Zahlen vs. Zorn: Die politischen Reaktionen auf die erste EKOCAN-Studie
Zu kompliziert? 💡 Hier geht es zum Artikel in einfacher Sprache.

Der erste Zwischenbericht des Forschungsprojekts EKOCAN zur Wirkung des Cannabisgesetzes ist da – und liefert Zündstoff: Die Justiz wird deutlich entlastet, Hinweise auf sprunghaften Jugendkonsum bleiben aus. Was nüchtern klingt, sorgt politisch für laute Töne. BMG zu EKOCAN LTO idw / EKOCAN-Statement
Das Wichtigste in Kürze
- Justiz entlastet: Cannabisdelikte sind nach Inkrafttreten des KCanG stark gesunken (von sechsstelligen Zahlen auf wenige tausend Verstöße nach §34 KCanG). LTO: Zahlenvergleich
- Jugendtrend stabil: Kein sprunghafter Anstieg; lokale/Studienhinweise eher stabil bis rückläufig – endgültige Bewertung braucht mehr Zeit. LTO Frankfurt UAS
- Politik gespalten: SPD/Grüne/FDP sehen sich bestätigt, CDU/CSU zweifeln und fordern Korrekturen bis hin zur Rücknahme.
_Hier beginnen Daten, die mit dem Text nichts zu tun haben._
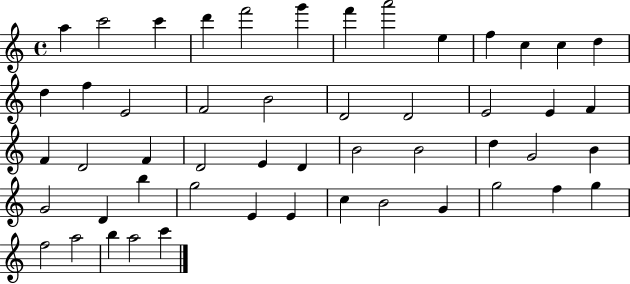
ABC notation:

X:1
T:Untitled
M:4/4
L:1/4
K:C
a c'2 c' d' f'2 g' f' a'2 e f c c d d f E2 F2 B2 D2 D2 E2 E F F D2 F D2 E D B2 B2 d G2 B G2 D b g2 E E c B2 G g2 f g f2 a2 b a2 c'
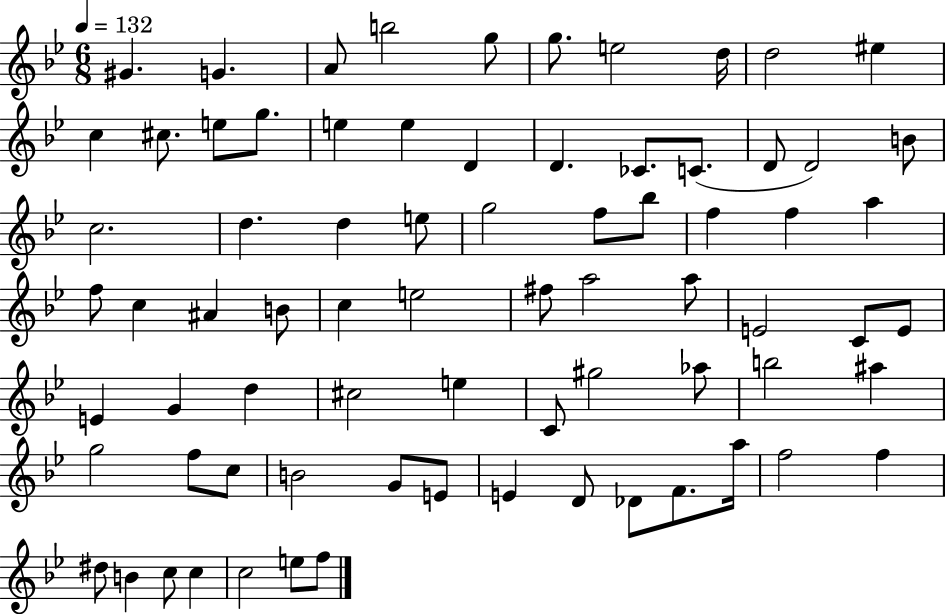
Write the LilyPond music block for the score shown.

{
  \clef treble
  \numericTimeSignature
  \time 6/8
  \key bes \major
  \tempo 4 = 132
  gis'4. g'4. | a'8 b''2 g''8 | g''8. e''2 d''16 | d''2 eis''4 | \break c''4 cis''8. e''8 g''8. | e''4 e''4 d'4 | d'4. ces'8. c'8.( | d'8 d'2) b'8 | \break c''2. | d''4. d''4 e''8 | g''2 f''8 bes''8 | f''4 f''4 a''4 | \break f''8 c''4 ais'4 b'8 | c''4 e''2 | fis''8 a''2 a''8 | e'2 c'8 e'8 | \break e'4 g'4 d''4 | cis''2 e''4 | c'8 gis''2 aes''8 | b''2 ais''4 | \break g''2 f''8 c''8 | b'2 g'8 e'8 | e'4 d'8 des'8 f'8. a''16 | f''2 f''4 | \break dis''8 b'4 c''8 c''4 | c''2 e''8 f''8 | \bar "|."
}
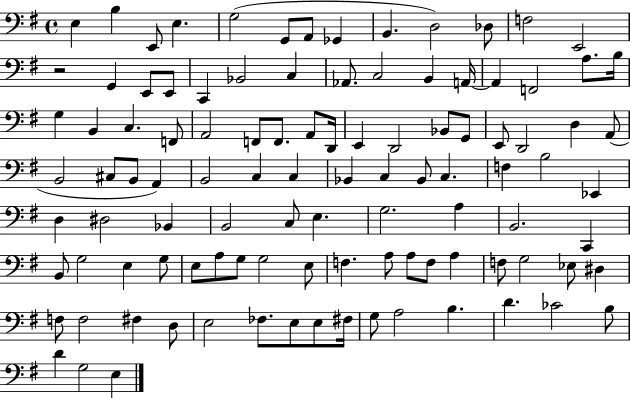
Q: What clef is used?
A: bass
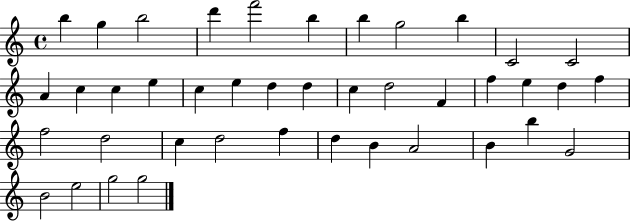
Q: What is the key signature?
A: C major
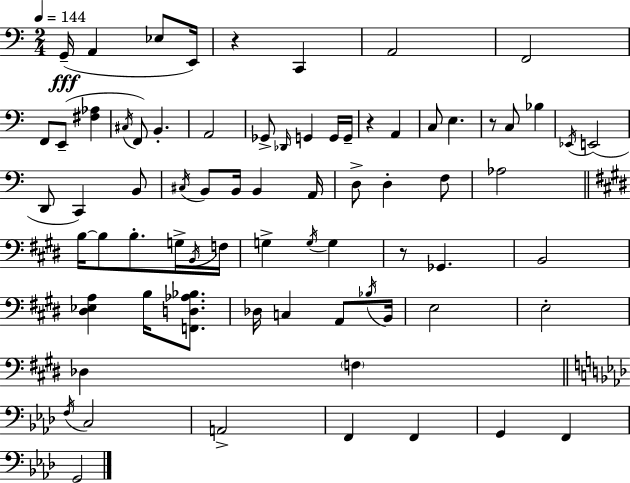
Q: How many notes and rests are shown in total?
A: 73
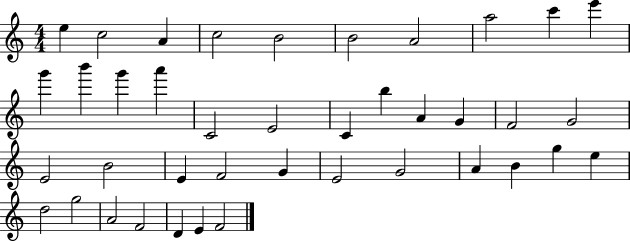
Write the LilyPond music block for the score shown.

{
  \clef treble
  \numericTimeSignature
  \time 4/4
  \key c \major
  e''4 c''2 a'4 | c''2 b'2 | b'2 a'2 | a''2 c'''4 e'''4 | \break g'''4 b'''4 g'''4 a'''4 | c'2 e'2 | c'4 b''4 a'4 g'4 | f'2 g'2 | \break e'2 b'2 | e'4 f'2 g'4 | e'2 g'2 | a'4 b'4 g''4 e''4 | \break d''2 g''2 | a'2 f'2 | d'4 e'4 f'2 | \bar "|."
}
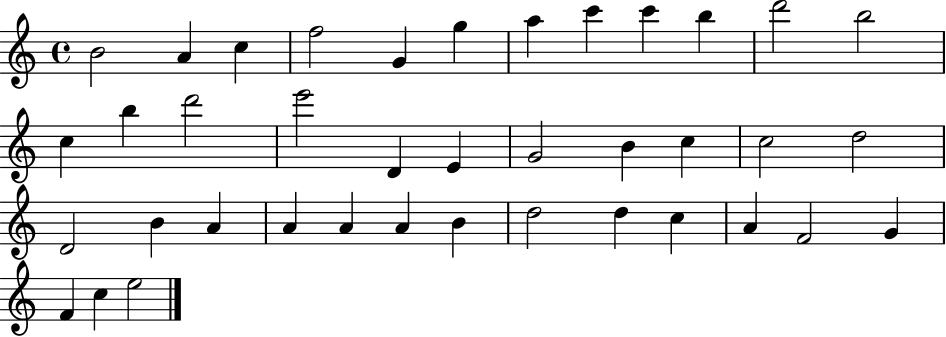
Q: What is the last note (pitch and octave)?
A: E5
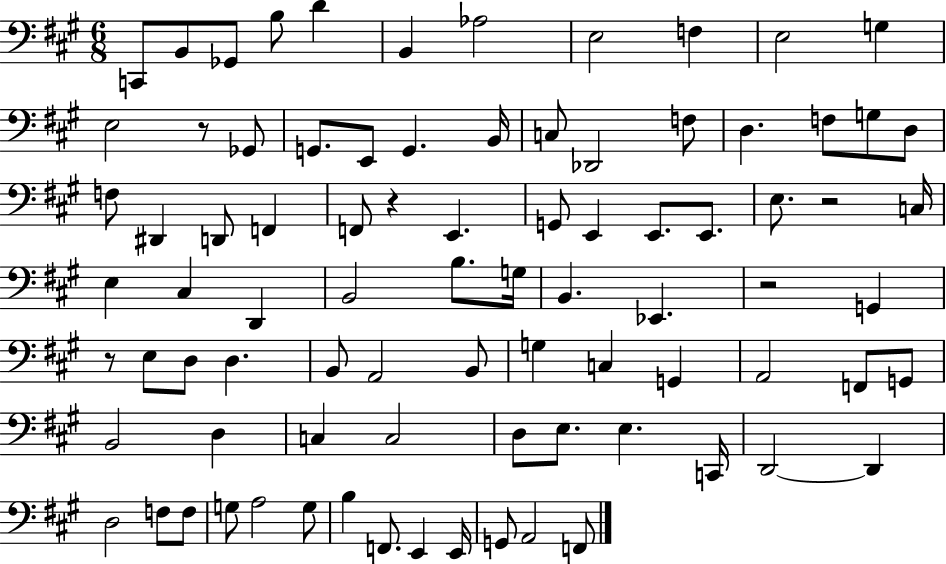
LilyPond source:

{
  \clef bass
  \numericTimeSignature
  \time 6/8
  \key a \major
  \repeat volta 2 { c,8 b,8 ges,8 b8 d'4 | b,4 aes2 | e2 f4 | e2 g4 | \break e2 r8 ges,8 | g,8. e,8 g,4. b,16 | c8 des,2 f8 | d4. f8 g8 d8 | \break f8 dis,4 d,8 f,4 | f,8 r4 e,4. | g,8 e,4 e,8. e,8. | e8. r2 c16 | \break e4 cis4 d,4 | b,2 b8. g16 | b,4. ees,4. | r2 g,4 | \break r8 e8 d8 d4. | b,8 a,2 b,8 | g4 c4 g,4 | a,2 f,8 g,8 | \break b,2 d4 | c4 c2 | d8 e8. e4. c,16 | d,2~~ d,4 | \break d2 f8 f8 | g8 a2 g8 | b4 f,8. e,4 e,16 | g,8 a,2 f,8 | \break } \bar "|."
}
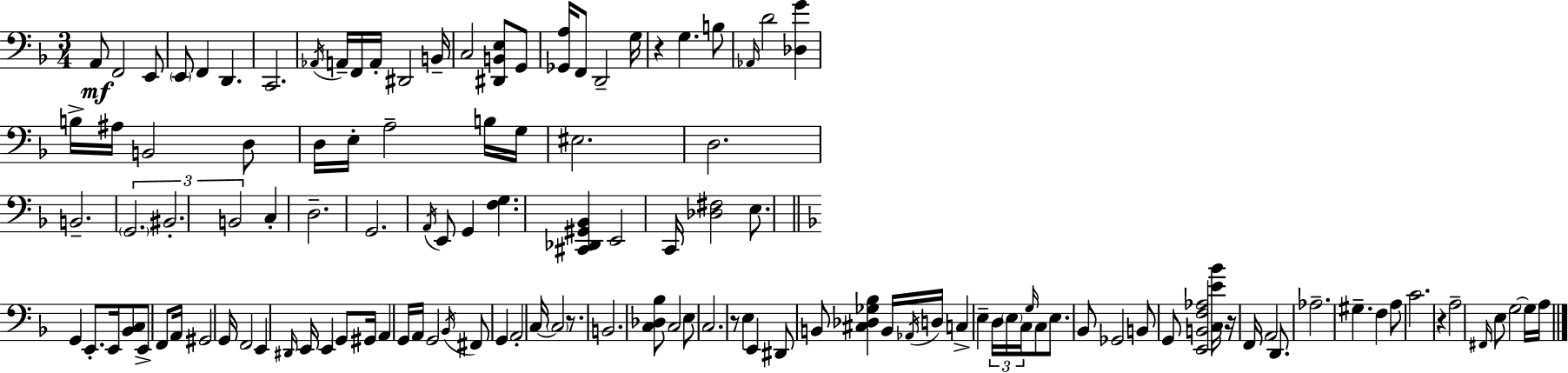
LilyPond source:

{
  \clef bass
  \numericTimeSignature
  \time 3/4
  \key f \major
  \repeat volta 2 { a,8\mf f,2 e,8 | \parenthesize e,8 f,4 d,4. | c,2. | \acciaccatura { aes,16 } a,16-- f,16 a,16-. dis,2 | \break b,16-- c2 <dis, b, e>8 g,8 | <ges, a>16 f,8 d,2-- | g16 r4 g4. b8 | \grace { aes,16 } d'2 <des g'>4 | \break b16-> ais16 b,2 | d8 d16 e16-. a2-- | b16 g16 eis2. | d2. | \break b,2.-- | \tuplet 3/2 { \parenthesize g,2. | bis,2.-. | b,2 } c4-. | \break d2.-- | g,2. | \acciaccatura { a,16 } e,8 g,4 <f g>4. | <cis, des, gis, bes,>4 e,2 | \break c,16 <des fis>2 | e8. \bar "||" \break \key d \minor g,4 e,8.-. e,16 <bes, c>8 e,8-> | f,8 a,16 gis,2 g,16 | f,2 e,4 | \grace { dis,16 } e,16 e,4 g,8 gis,16 a,4 | \break g,16 a,16 g,2 \acciaccatura { bes,16 } | fis,8 g,4 a,2-. | c16~~ \parenthesize c2 r8. | b,2. | \break <c des bes>8 c2 | e8 c2. | r8 e4 e,4 | dis,8 b,8 <cis des ges bes>4 b,16 \acciaccatura { aes,16 } d16 c4-> | \break e4-- \tuplet 3/2 { d16 \parenthesize e16 c16 } \grace { g16 } c8 | e8. bes,8 ges,2 | b,8 g,8 <e, b, f aes>2 | <c e' bes'>16 r16 f,16 a,2 | \break d,8. aes2.-- | gis4.-- f4 | a8 c'2. | r4 a2-- | \break \grace { fis,16 } e8 g2~~ | g16 a16 } \bar "|."
}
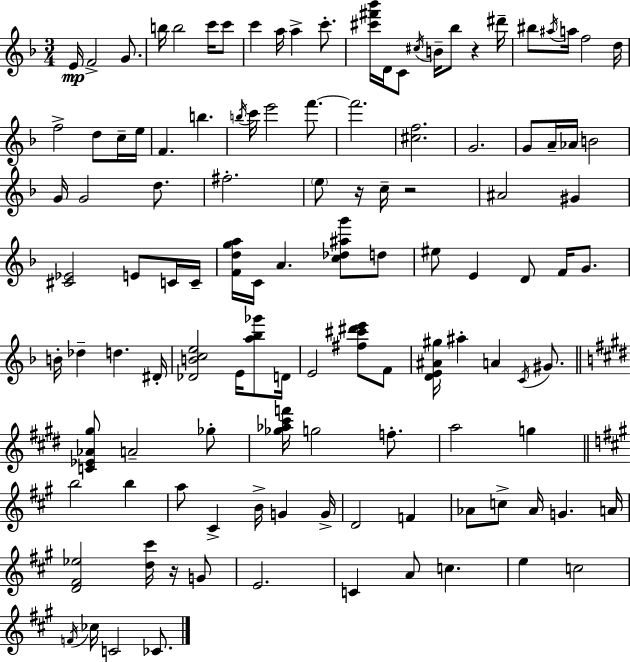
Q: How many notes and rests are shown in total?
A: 117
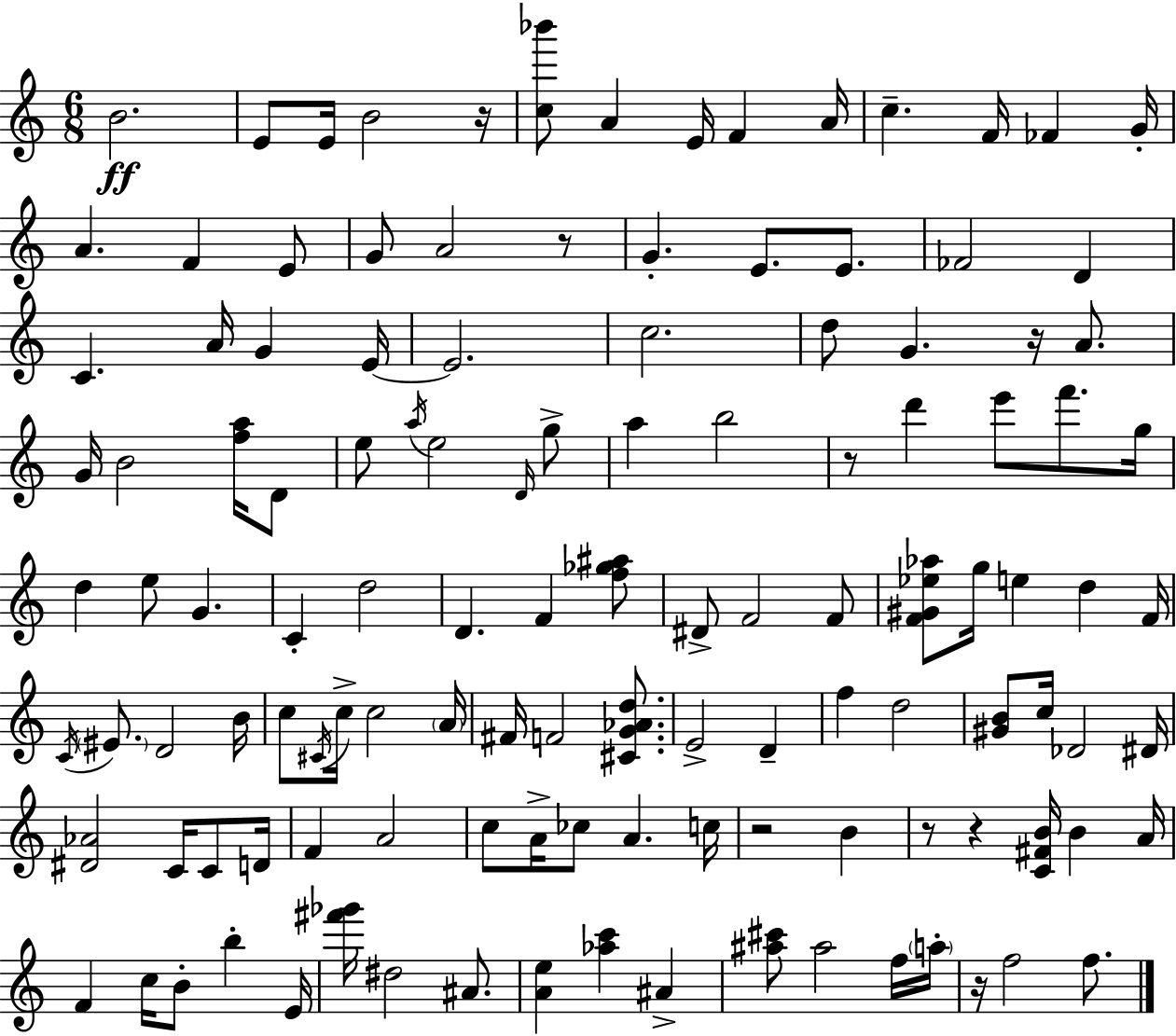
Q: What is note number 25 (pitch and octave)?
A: G4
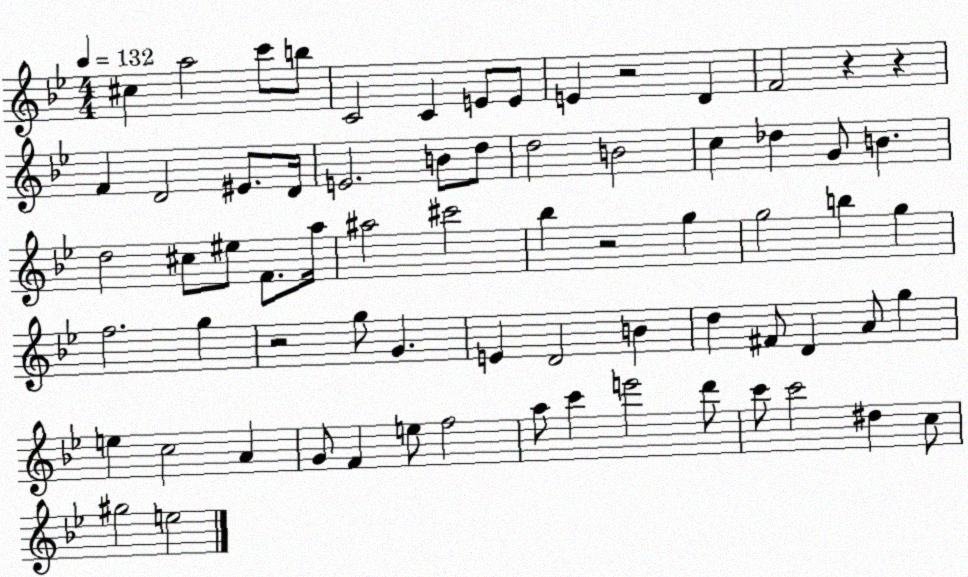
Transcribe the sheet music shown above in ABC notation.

X:1
T:Untitled
M:4/4
L:1/4
K:Bb
^c a2 c'/2 b/2 C2 C E/2 E/2 E z2 D F2 z z F D2 ^E/2 D/4 E2 B/2 d/2 d2 B2 c _d G/2 B d2 ^c/2 ^e/2 F/2 a/4 ^a2 ^c'2 _b z2 g g2 b g f2 g z2 g/2 G E D2 B d ^F/2 D A/2 g e c2 A G/2 F e/2 f2 a/2 c' e'2 d'/2 c'/2 c'2 ^d c/2 ^g2 e2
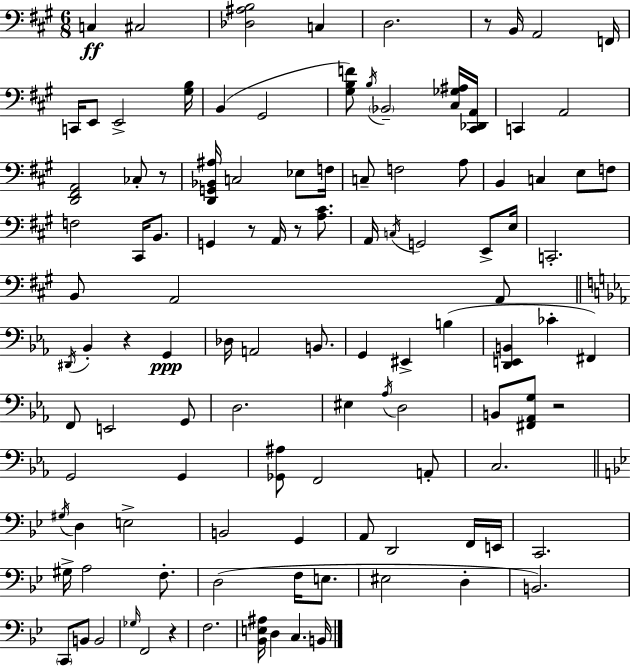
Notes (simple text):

C3/q C#3/h [Db3,A#3,B3]/h C3/q D3/h. R/e B2/s A2/h F2/s C2/s E2/e E2/h [G#3,B3]/s B2/q G#2/h [G#3,B3,F4]/e B3/s Bb2/h [C#3,Gb3,A#3]/s [C#2,Db2,A2]/s C2/q A2/h [D2,F#2,A2]/h CES3/e R/e [D2,G2,Bb2,A#3]/s C3/h Eb3/e F3/s C3/e F3/h A3/e B2/q C3/q E3/e F3/e F3/h C#2/s B2/e. G2/q R/e A2/s R/e [A3,C#4]/e. A2/s C3/s G2/h E2/e E3/s C2/h. B2/e A2/h A2/e D#2/s Bb2/q R/q G2/q Db3/s A2/h B2/e. G2/q EIS2/q B3/q [D2,E2,B2]/q CES4/q F#2/q F2/e E2/h G2/e D3/h. EIS3/q Ab3/s D3/h B2/e [F#2,Ab2,G3]/e R/h G2/h G2/q [Gb2,A#3]/e F2/h A2/e C3/h. G#3/s D3/q E3/h B2/h G2/q A2/e D2/h F2/s E2/s C2/h. G#3/s A3/h F3/e. D3/h F3/s E3/e. EIS3/h D3/q B2/h. C2/e B2/e B2/h Gb3/s F2/h R/q F3/h. [Bb2,E3,A#3]/s D3/q C3/q. B2/s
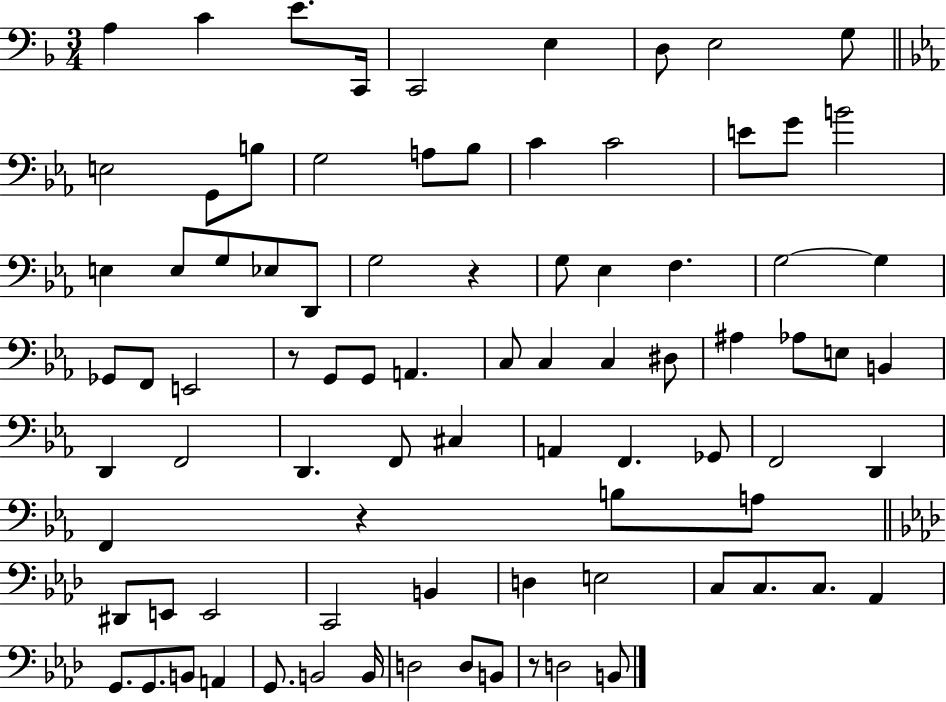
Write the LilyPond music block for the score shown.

{
  \clef bass
  \numericTimeSignature
  \time 3/4
  \key f \major
  a4 c'4 e'8. c,16 | c,2 e4 | d8 e2 g8 | \bar "||" \break \key ees \major e2 g,8 b8 | g2 a8 bes8 | c'4 c'2 | e'8 g'8 b'2 | \break e4 e8 g8 ees8 d,8 | g2 r4 | g8 ees4 f4. | g2~~ g4 | \break ges,8 f,8 e,2 | r8 g,8 g,8 a,4. | c8 c4 c4 dis8 | ais4 aes8 e8 b,4 | \break d,4 f,2 | d,4. f,8 cis4 | a,4 f,4. ges,8 | f,2 d,4 | \break f,4 r4 b8 a8 | \bar "||" \break \key aes \major dis,8 e,8 e,2 | c,2 b,4 | d4 e2 | c8 c8. c8. aes,4 | \break g,8. g,8. b,8 a,4 | g,8. b,2 b,16 | d2 d8 b,8 | r8 d2 b,8 | \break \bar "|."
}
SPD-Fraktion CDU/CSU-Programm
Was EKOCAN misst – und warum die ersten Daten wichtig sind
EKOCAN ist das vom BMG geförderte Forschungsnetz zur begleitenden Evaluation des KCanG (01/2025–04/2028). Untersucht werden u. a. Jugend- und Gesundheitsschutz sowie cannabisbezogene Kriminalität. Der jetzt vorliegende Zwischenbericht bündelt erste Indikatoren und Routinedaten; robuste Langzeiteffekte folgen in weiteren Berichten. UKE: EKOCAN-Projekt BMG-Projektseite idw: EKOCAN-Zwischenbericht
In der Kriminalitätsstatistik zeigen sich deutliche Rückgänge: Nach Einführung des KCanG fielen die Delikte im Vergleich zu den BtMG-Vorjahren drastisch. LTO dokumentiert u. a. den Sprung von vormals rund 174.000 allgemeinen Cannabis-Verstößen (2023) auf unter 5.000 Verstöße gegen §34 KCanG nach Inkrafttreten – ein starkes Signal für die Entlastung von Polizei und Justiz. LTO: Datenauswertung
Beim Jugendkonsum melden Medien und lokale Studien keine Explosion; teils zeigen sich stabile oder rückläufige Tendenzen (z. B. Frankfurt). Nationale Trendlinien werden EKOCAN und weitere Datensätze in den nächsten Wellen präziser abbilden. LTO Frankfurt UAS Business of Cannabis (Zusammenfassung)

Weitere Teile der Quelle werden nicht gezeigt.